== Collected material

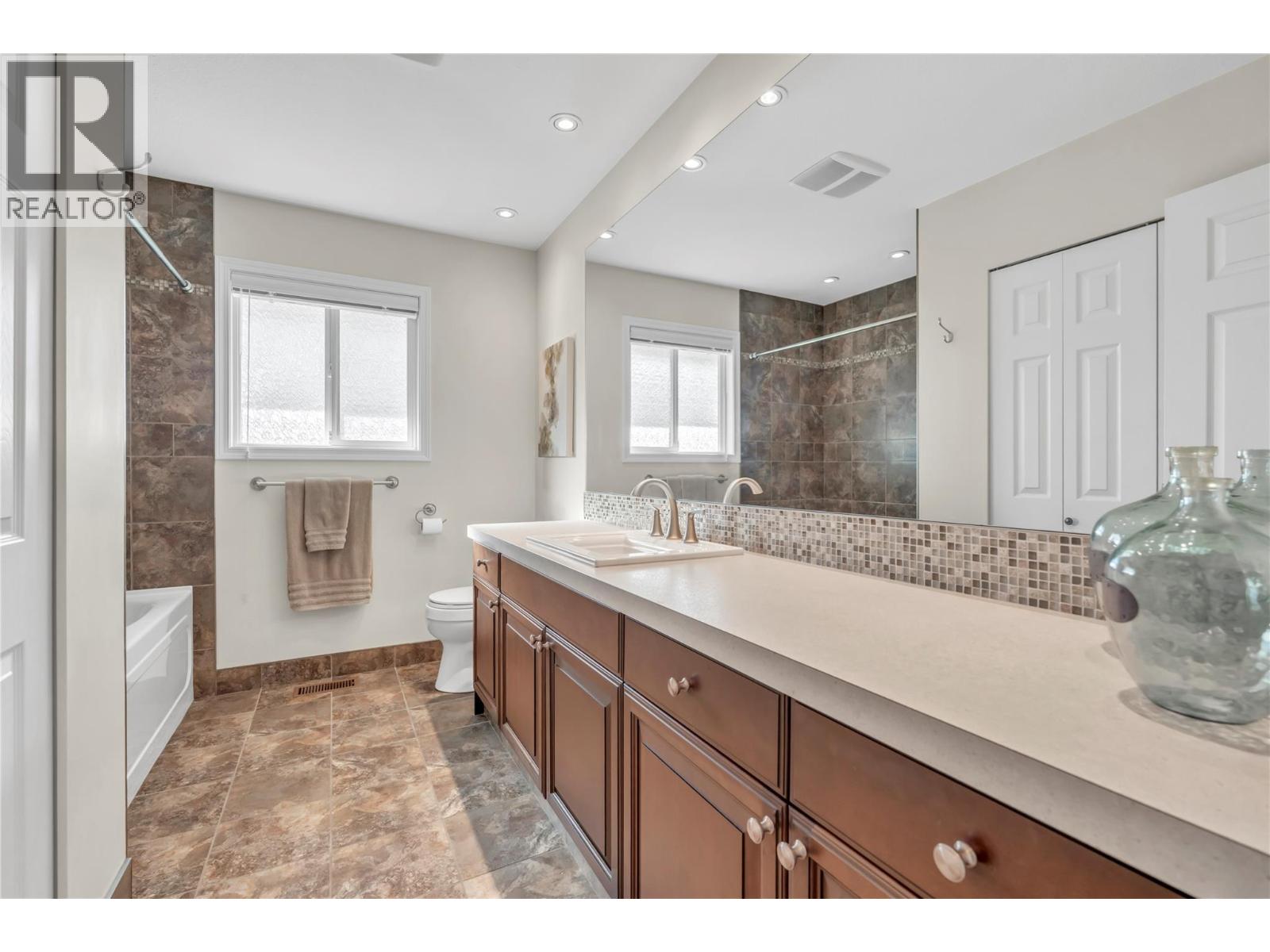 184 ASH Place, Penticton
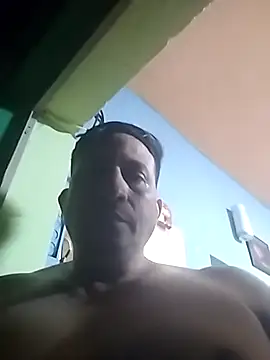 Snapshot of gabo_pajaso chatting on October 2025 05:33:01 AM gabo pajaso online show from October 2025 05:33:01 AM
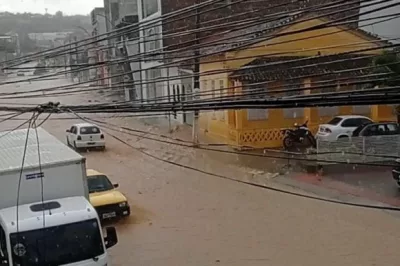 Jaguaquara e Santa Inês registram chuvas e ruas ficam alagadas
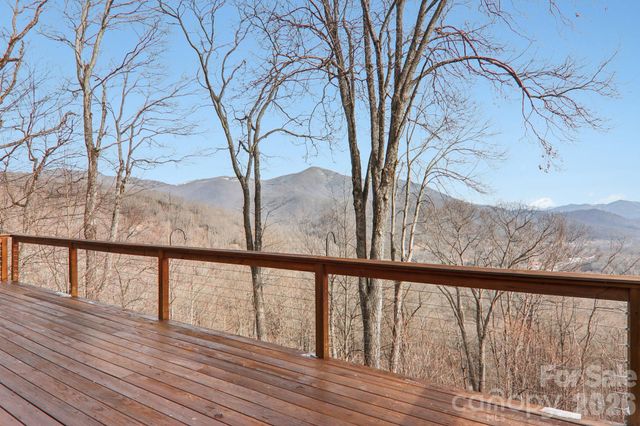 208 Buckeye Road, Maggie Valley, NC 28751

====

## Prompt
Produce a verbatim transcription of every line in the listing, images omitted.

## Written reply
 184 ASH Place, Penticton
 Snapshot of gabo_pajaso chatting on October 2025 05:33:01 AM gabo pajaso online show from October 2025 05:33:01 AM
 Jaguaquara e Santa Inês registram chuvas e ruas ficam alagadas
 208 Buckeye Road, Maggie Valley, NC 28751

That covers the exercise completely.